Three long-term projects are the books. I will update the collection of the Why I Write series that is already in eBook form on Amazon. I want to add some more writers to a new version. The second will be a collection of essays on the historian Raphael Samuel. The third will be a short book or long essay on Oliver Cromwell and the Putney Debates. Cromwell was the subject of my car crash 2003 dissertation for my BA History at Birkbeck.
I will write a short letter to the London Review of Books. It published a terrible letter from B. Letzler called The Shoah after Gaza. He managed to call Bob Dylan’s With God on Our Side “Dud”
Recent Book Purchases
- The Carnation Revolution by Alex Fernandes. I have written previously on this subject.
- Until I Find You by Rachel Nolan.
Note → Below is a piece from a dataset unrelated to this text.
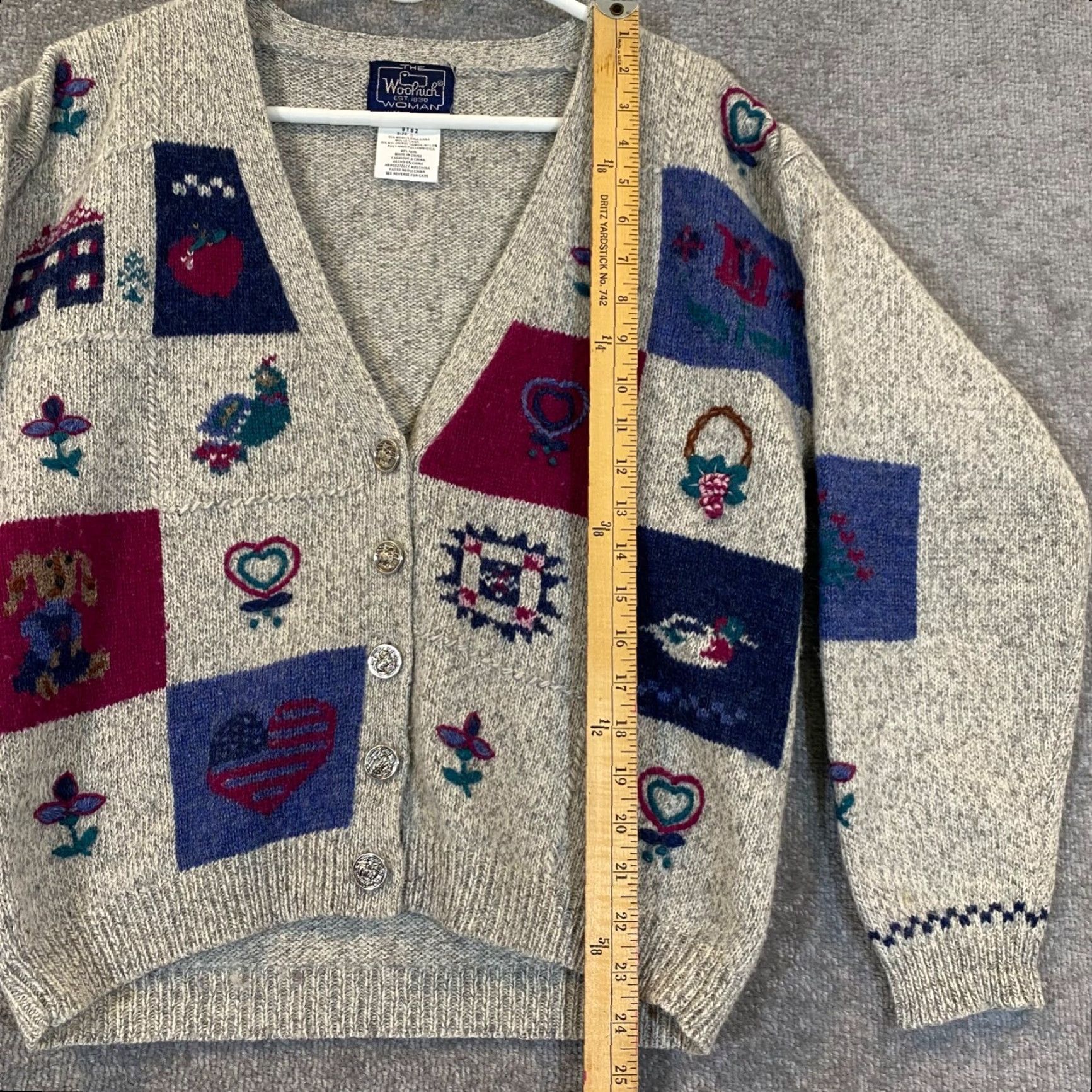 Vintage VINTAGE Woolrich Cardigan Sweater Womens Small Gray Floral Bird Deep V-Neck 90s USA Class IC Knit Lightweight Breathable Size S / US 4 / IT 40 - 5 Thumbnail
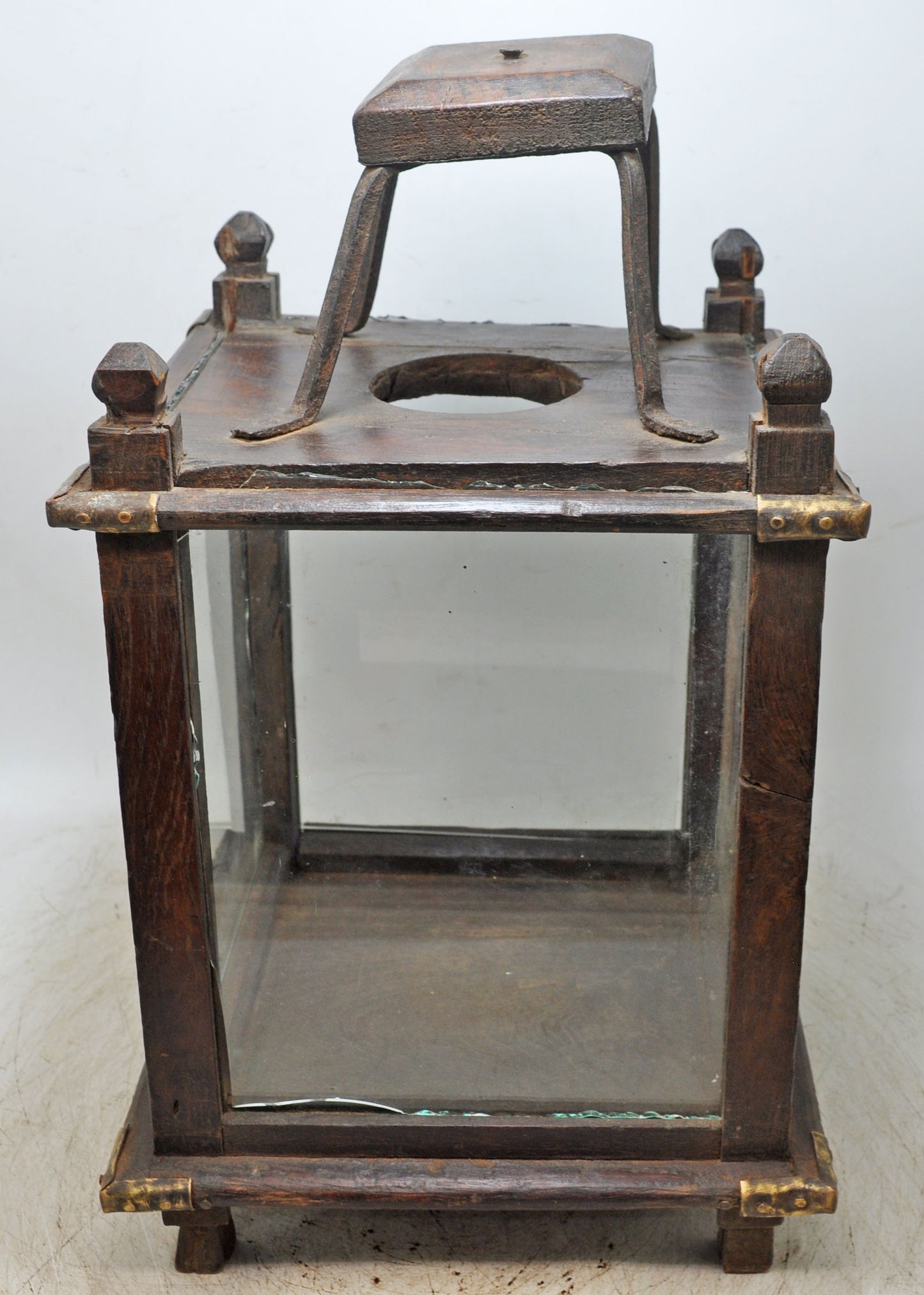 Antique Wooden Glass Large Lamp Lantern Original Old Fine Hand Crafted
An extraordinary book well researched on the disappeared children and coercive adoptions in Guatemala.
- Cancion by Eduardo Halfon
- The Great Revolutions by Duncan Hallas. I fine SWP tradition seems to concentrate on What happened rather than why.
- The Blazing World by J Healey. This is the paperback version. I have been meaning to get around to reviewing this for ages.
- Travellers of the World Revolution by B Studer, Verso
- Marxism and the English Revolution by John Rees. This has not been released yet. I will get a review copy, hopefully.
Recent Events
I regularly attend the online SEP Postal Workers Committee. I follow their work closely and their stuff on the Post is way better than I can write. They write about it. I work it. A good combination.
I have started to watch a few episodes of Sky’s Royal Kill List. What a terrible piece of television. If there was a historian consulted on this programme, he should share the same fate as Charles 1st. When a series has so much swearing, it has very little to say and even less history.